Do squirrels eat acorns?

Acorns are not at the top of the squirrel menu. The bitter substances it contains spoil the furry climbing artists' appetite. Squirrels prefer to plaster beechnuts, hazelnuts, chestnuts and berries. If the small stomach growls a lot, acorns are still eaten. Squirrels use fruits that have been lying on the ground for a long time, so that the rain has largely washed out the bitter substances.

Should I remove acorns from the lawn and compost in the fall?

Acorn-covered lawn is not a cause for concern.

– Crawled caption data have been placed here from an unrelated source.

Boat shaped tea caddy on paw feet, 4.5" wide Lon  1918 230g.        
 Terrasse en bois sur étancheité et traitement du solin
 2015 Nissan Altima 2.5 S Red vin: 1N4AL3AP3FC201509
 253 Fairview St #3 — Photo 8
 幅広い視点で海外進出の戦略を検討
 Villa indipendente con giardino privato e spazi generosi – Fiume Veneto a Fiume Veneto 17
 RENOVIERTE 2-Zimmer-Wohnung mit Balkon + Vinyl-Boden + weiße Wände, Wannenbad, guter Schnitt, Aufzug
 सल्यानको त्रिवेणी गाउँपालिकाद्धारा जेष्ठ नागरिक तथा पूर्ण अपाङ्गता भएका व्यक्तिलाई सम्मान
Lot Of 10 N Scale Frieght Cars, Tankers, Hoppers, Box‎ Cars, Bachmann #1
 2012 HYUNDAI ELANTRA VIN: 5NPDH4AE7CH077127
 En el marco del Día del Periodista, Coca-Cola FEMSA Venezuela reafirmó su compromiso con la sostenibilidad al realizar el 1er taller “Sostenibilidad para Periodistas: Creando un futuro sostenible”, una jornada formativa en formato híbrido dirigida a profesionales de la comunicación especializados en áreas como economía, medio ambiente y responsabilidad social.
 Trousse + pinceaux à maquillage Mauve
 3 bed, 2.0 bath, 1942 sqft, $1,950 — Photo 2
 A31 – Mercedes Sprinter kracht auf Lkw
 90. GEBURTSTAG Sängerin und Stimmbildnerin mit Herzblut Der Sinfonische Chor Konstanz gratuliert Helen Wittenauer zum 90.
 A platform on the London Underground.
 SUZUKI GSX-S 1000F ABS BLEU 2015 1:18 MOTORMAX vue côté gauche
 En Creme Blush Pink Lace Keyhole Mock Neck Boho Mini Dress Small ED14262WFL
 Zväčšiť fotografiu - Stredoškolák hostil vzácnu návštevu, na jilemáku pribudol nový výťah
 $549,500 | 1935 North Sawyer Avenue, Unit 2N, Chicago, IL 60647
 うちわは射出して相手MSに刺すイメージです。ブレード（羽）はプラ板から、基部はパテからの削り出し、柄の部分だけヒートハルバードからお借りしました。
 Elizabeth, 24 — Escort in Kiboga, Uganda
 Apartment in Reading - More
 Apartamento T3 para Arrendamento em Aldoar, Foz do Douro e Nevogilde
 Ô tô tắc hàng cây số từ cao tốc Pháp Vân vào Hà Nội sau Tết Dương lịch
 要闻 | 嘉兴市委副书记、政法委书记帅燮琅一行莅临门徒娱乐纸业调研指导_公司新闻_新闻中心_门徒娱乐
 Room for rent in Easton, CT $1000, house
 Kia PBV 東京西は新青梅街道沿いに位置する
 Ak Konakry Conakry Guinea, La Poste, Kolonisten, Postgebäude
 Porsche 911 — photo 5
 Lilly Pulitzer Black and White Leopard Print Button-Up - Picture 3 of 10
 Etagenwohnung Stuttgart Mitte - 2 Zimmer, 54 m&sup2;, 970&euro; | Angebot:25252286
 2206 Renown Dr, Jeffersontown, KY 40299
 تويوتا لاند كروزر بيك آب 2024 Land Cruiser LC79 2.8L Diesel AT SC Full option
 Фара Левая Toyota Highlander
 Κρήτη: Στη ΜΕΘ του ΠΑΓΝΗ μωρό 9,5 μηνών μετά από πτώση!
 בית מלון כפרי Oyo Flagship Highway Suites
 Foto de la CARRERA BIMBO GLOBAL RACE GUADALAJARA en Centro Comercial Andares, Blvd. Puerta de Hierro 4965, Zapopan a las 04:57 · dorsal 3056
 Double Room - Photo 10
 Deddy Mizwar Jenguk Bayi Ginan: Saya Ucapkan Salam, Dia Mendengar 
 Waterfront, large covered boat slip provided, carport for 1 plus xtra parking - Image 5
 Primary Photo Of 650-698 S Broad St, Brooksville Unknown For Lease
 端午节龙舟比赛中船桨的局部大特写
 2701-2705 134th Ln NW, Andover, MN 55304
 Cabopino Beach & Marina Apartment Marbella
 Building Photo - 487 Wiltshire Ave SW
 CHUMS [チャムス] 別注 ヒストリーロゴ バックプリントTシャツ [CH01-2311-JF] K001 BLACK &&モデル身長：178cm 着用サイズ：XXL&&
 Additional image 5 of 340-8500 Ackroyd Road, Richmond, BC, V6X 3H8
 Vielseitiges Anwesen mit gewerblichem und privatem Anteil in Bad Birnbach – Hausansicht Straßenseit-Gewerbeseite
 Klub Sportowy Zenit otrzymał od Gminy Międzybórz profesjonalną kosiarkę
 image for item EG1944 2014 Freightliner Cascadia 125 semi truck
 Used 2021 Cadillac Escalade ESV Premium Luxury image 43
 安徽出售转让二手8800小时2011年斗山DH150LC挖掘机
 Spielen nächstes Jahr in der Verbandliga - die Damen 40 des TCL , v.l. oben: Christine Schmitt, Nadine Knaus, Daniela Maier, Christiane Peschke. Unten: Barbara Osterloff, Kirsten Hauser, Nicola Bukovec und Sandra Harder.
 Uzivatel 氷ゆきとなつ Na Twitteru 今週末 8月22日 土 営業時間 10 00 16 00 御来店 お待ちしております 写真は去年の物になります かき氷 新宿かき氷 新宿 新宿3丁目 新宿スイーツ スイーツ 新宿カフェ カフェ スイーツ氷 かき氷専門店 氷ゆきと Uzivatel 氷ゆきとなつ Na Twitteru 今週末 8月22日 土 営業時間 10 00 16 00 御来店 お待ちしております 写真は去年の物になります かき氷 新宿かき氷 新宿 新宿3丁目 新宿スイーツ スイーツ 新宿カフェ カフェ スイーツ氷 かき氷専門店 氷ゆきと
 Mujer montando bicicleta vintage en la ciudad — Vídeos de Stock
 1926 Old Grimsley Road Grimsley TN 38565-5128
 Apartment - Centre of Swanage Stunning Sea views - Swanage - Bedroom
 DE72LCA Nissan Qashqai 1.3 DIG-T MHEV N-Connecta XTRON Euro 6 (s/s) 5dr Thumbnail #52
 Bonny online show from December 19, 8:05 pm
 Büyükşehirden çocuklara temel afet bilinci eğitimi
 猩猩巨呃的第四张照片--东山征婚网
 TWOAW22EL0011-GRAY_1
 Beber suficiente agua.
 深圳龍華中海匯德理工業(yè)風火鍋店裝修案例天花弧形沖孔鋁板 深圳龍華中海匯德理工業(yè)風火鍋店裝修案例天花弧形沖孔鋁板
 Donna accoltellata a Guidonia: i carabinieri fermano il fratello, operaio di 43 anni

The nuts cannot cause permanent damage to the green space. Of course, it cannot be ruled out that lively tree seedlings will sprout in some places next year. It therefore makes sense to remove acorns from the lawn in autumn. You can simply collect small amounts by hand. You can easily vacuum up a thick carpet of acorns with a leaf vacuum or a special acorn collector. Acorns are not suitable for composting. You can give larger quantities to the local forester as rich winter feed for deer.

Tips

With a close-meshed net you can collect acorns in premium quality. Spread out under the tree in good time, the harvest net prevents direct ground contact with leaf litter and rotten acorns from the previous year. Before this, the ground is cleaned of old branches, stones and leaves. After the seeds are dropped, the net is brought in promptly so that as little wet leaves and debris as possible fall onto the valuable acorns.